The 8.4% rise would mean the Treasury spends more than £7billion on the state pension in 2022, £5billion more than the guaranteed £2.1billion under the triple lock.
But some Conservative MPs want to water down the massive increase, arguing the country cannot afford it when it already has a huge bill for Covid-19.
Despite popular belief, there is no state pension retirement 'pot' that is built up as we work and pay National Insurance.
Instead, the state pension for retirees today is paid by people currently working.
Because of this, MPs also think workers will object to a big state pension rise when many have had pay and benefits slashed during the pandemic.
Speaking to the Telegraph, Nigel Mills, Tory chairman of the all-party parliamentary group on pensions, said: “The triple lock wasn't meant to be based on artificially out-of-line earnings data.”
Chancellor Rishi Sunak has already reportedly considered watering down the triple lock, even before the rise in wages.
However, the current 8.4% increase could also change slightly in the next couple of months.
This is because any increase would look at average earnings from May to July this year to the same period last year. But the 8.4% increase in April is a strong sign that a wages boom will continue.
The state pension increase is signed off in November every year.
Sarah Coles, a personal finance analyst at Hargreaves Lansdown, said pay could rise even further.

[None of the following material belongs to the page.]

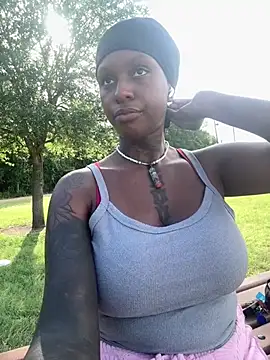 MistiSavannah online show from July 4, 11:00 pm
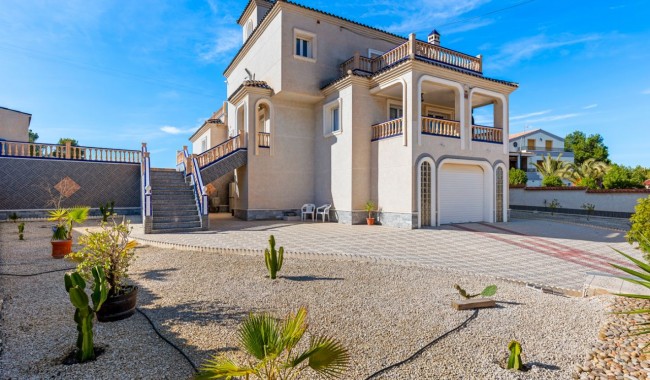 Segunda mano - Villa - Almoradi - Lomas De La Juliana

She said: "We’re likely to see some eye watering average pay rises in the coming months. We’re now comparing wages to the height of the crisis in 2020, when pay fell back for a number of months. A wild wage inflation figure would push pension rises through the roof.”
This April the state pension rose by 2.5% a week thanks to the triple lock.
The state pension is usually paid every four weeks, in arrears.